- 投稿日:2025/09/09
- 更新日:2025/09/29

はじめに
高配当株投資をしていると、こんな悩みはありませんか?
・財務データを毎回コピーするのが面倒
・配当履歴を更新し忘れる
・気づけば管理シートがぐちゃぐちゃに…
実は IRBANKのCSVデータとスプレッドシート関数を組み合わせれば、証券コードを入力するだけで最新データを自動で取り込めます。
ポイントは「加工前のデータを倉庫に置く」という考え方です。
1. 証券コードをセルに入力
実際にサンプルファイルを用意したので、試しながら記事を読むと理解が進むと思います。
まず、シートの A1セル に銘柄コードを入力します。
例:
7203 → トヨタ自動車
👉 A1セルを切り替えるだけで他の銘柄にも対応できます。
2. IMPORTDATAで財務データを取得
IMPORTDATA関数 は CSVやTSVをWebから直接読み込む関数 です。
書式:
=IMPORTDATA("URL")
IRBANKのデータは銘柄コードごとにCSVが用意されているので、A1セルを参照すればOK。
3. 使用例
貸借対照表(Balance Sheet, BS)
=IMPORTDATA("https://f.irbank.net/files/"&A1&"/fy-balance-sheet.csv")

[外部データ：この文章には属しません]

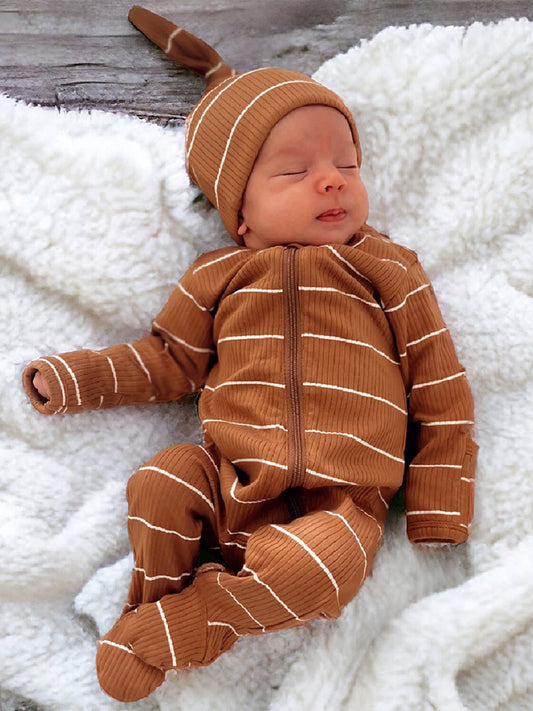 organic baby zip footie - saddle stripe ribbed cotton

👆の関数をA2セルに貼り付けると下図のように財務データが取得できます。
日付は見やすく「表示形式」から修正しましょう。
○ 損益計算書(Profit and Loss, PL)
=IMPORTDATA("https://f.irbank.net/files/"&A1&"/fy-profit-and-loss.csv")
同様に損益計算書も試してみましょう。
○ キャッシュフロー計算書(Cash Flow, CF)
=IMPORTDATA("https://f.irbank.net/files/"&A1&"/fy-cash-flow-statement.csv")
○ 配当金(Dividend)
=IMPORTDATA("https://f.irbank.net/files/"&A1&"/fy-stock-dividend.csv")
○ 全データ一括
=IMPORTDATA("https://f.irbank.net/files/"&A1&"/fy-data-all.csv")
4. 取り込んだデータから分かること
BS(貸借対照表) → 総資産、純資産、自己資本比率、BPS(安全性)
PL(損益計算書) → 売上高、営業利益、当期純利益、EPS(収益性)
CF(キャッシュフロー) → 営業CF、投資CF、財務CF、フリーCF(現金の流れ)
配当 → DPS、配当総額、配当性向(株主還元)
👉 この4つをそろえると「安全性・収益性・資金繰り・株主還元」が見えるようになります。
5. “倉庫データ”として使う
IMPORTDATAで取り込んだデータは 加工前の生データ。
見づらいままですが、それを「倉庫ファイル」として残すのがポイントです。
別途、分析用のファイルを用意してデータを加工しましょう。
倉庫ファイル:IRBANKから取ったままのCSV
分析用ファイル:倉庫を参照してグラフ化・利回り計算
👉 「生データは常に最新」「分析は自由に加工」という管理ができます。
6. IMPORTRANGEで分析シートに取り込む
IMPORTRANGE は 別のスプレッドシートからデータを参照する関数 です。
分析用のファイルを用意して以下の関数をA1セルに入力してみましょう。
書式:
=IMPORTRANGE("スプレッドシートのURL","シート名!範囲")"シート名!範囲"の例
※初回のみアクセス許可メッセージが表示されます。
「アクセスを許可」 を押すと、はじめてデータが読み込まれます。
👉 「倉庫ブック」と「分析ブック」を分けておけば、分析用のブックをコピー配布しても、大元の倉庫データを最新のまま参照できます。
7. サンプルシートを配布中
記事に合わせてサンプルシートも用意しました。
A1に証券コードを入力 → IRBANKから財務データを自動取得
・4つのIMPORTDATA関数は配置済み
・別ブックでIMPORTRANGEを試せます。
👉こちらから自由にコピーして編集してください
8. まとめ
IMPORTDATA → 外部から生データを倉庫へ
IMPORTRANGE → 倉庫から分析シートへ
証券コードを入れるだけで、財務三表+配当を自動取得
・「倉庫と分析を分ける」ことでデータ管理がスッキリする
・「加工前は倉庫に置く」──これがスプレッドシートを使った投資管理のコツです。